Task item: Print all the data that follows exactly, images excluded.

Recorded information:
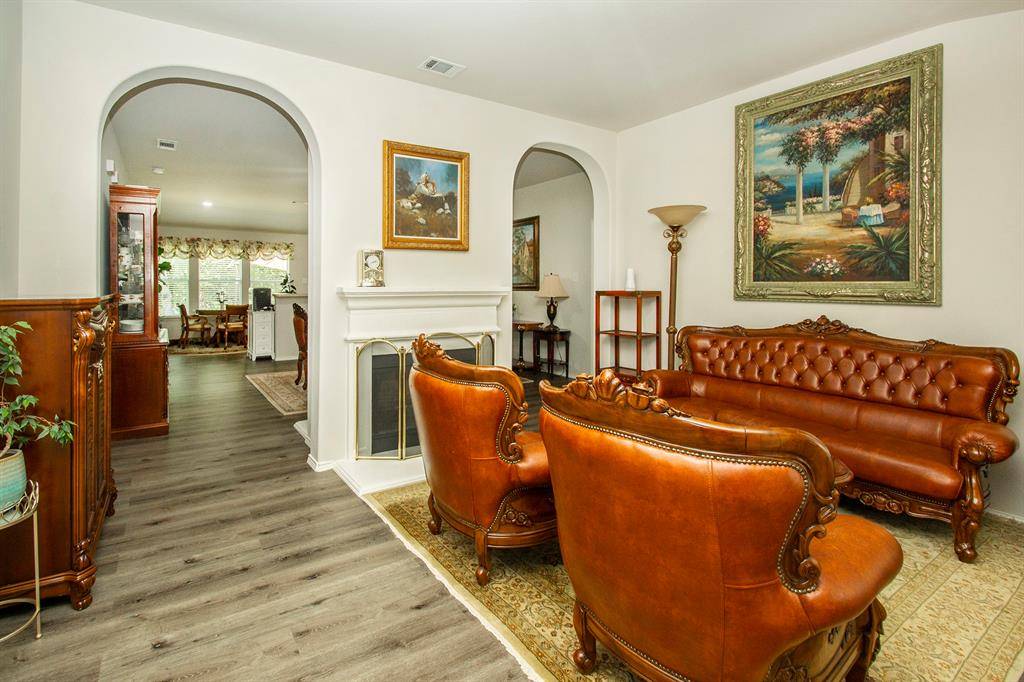 517 Longshore Drive, Little Elm, TX 75068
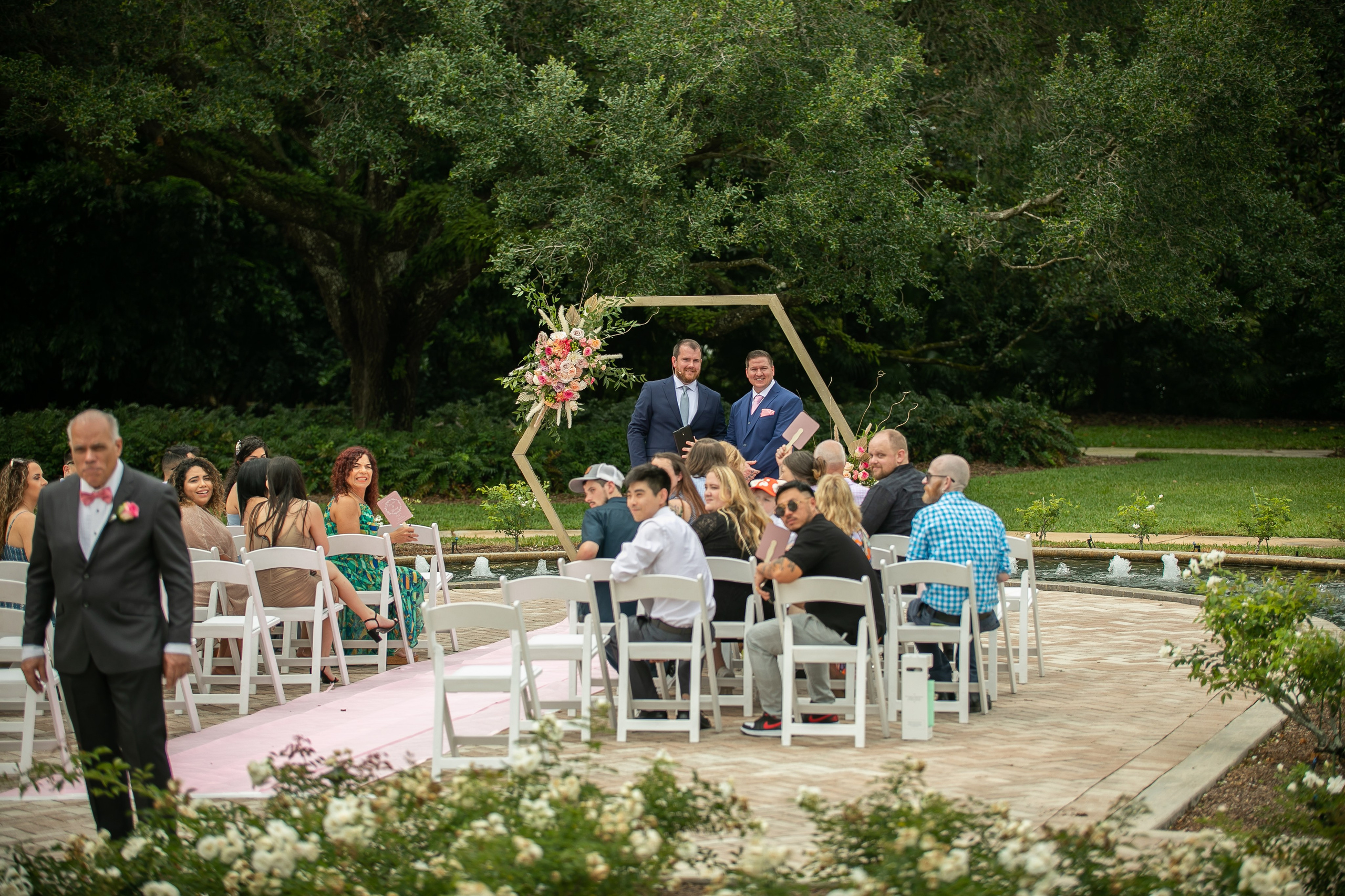 Wedding in The Lue Gardens intimate wedding photography. Lana Photography — Wedding & Family Photographer in Florida & Beyond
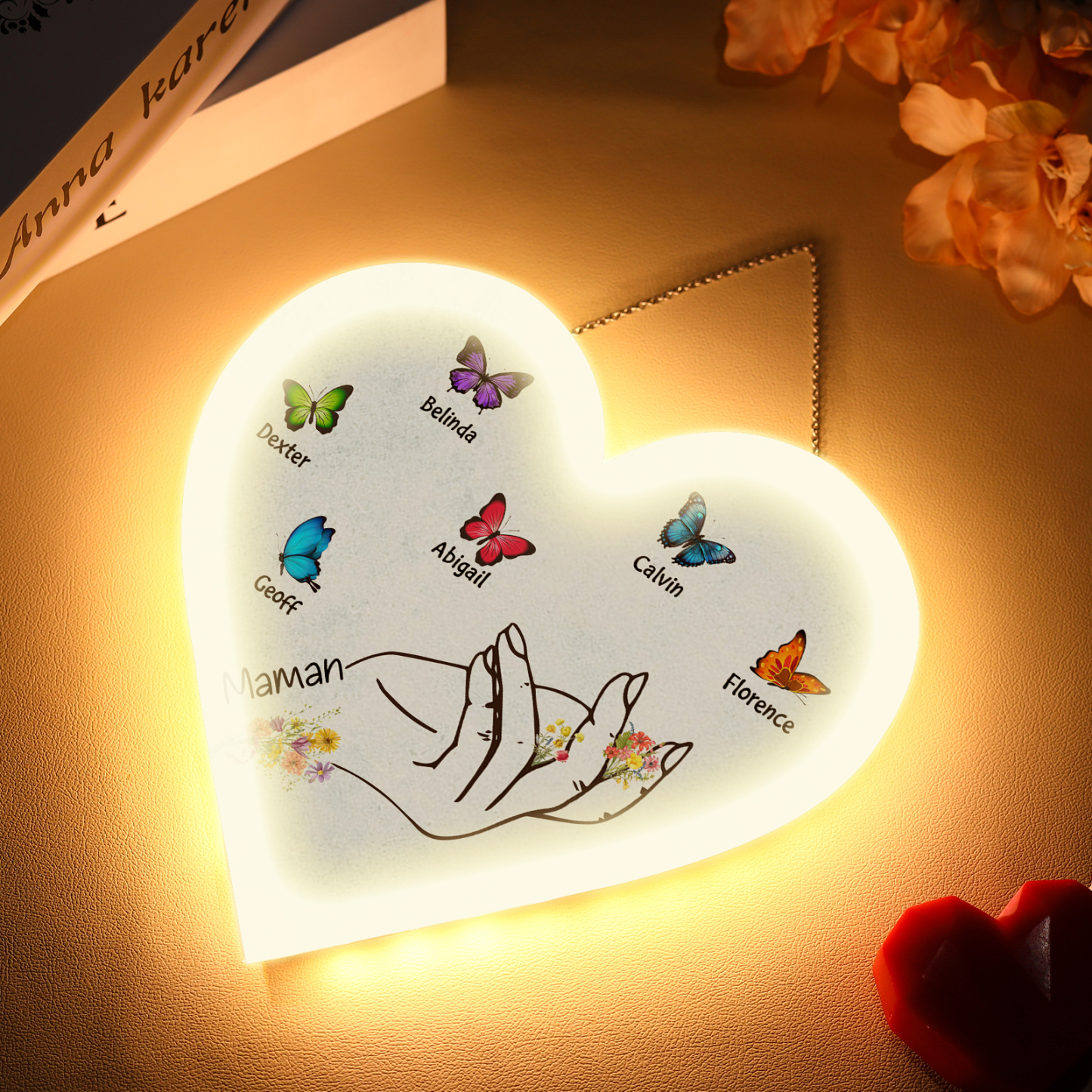 À Maman/Mamie - Veilleuse Cœur Décoration Main et Papillon 6 Prénoms Personnalisés avec 1 Texte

Answer to this problem:
 517 Longshore Drive, Little Elm, TX 75068
 Wedding in The Lue Gardens intimate wedding photography. Lana Photography — Wedding & Family Photographer in Florida & Beyond
 À Maman/Mamie - Veilleuse Cœur Décoration Main et Papillon 6 Prénoms Personnalisés avec 1 Texte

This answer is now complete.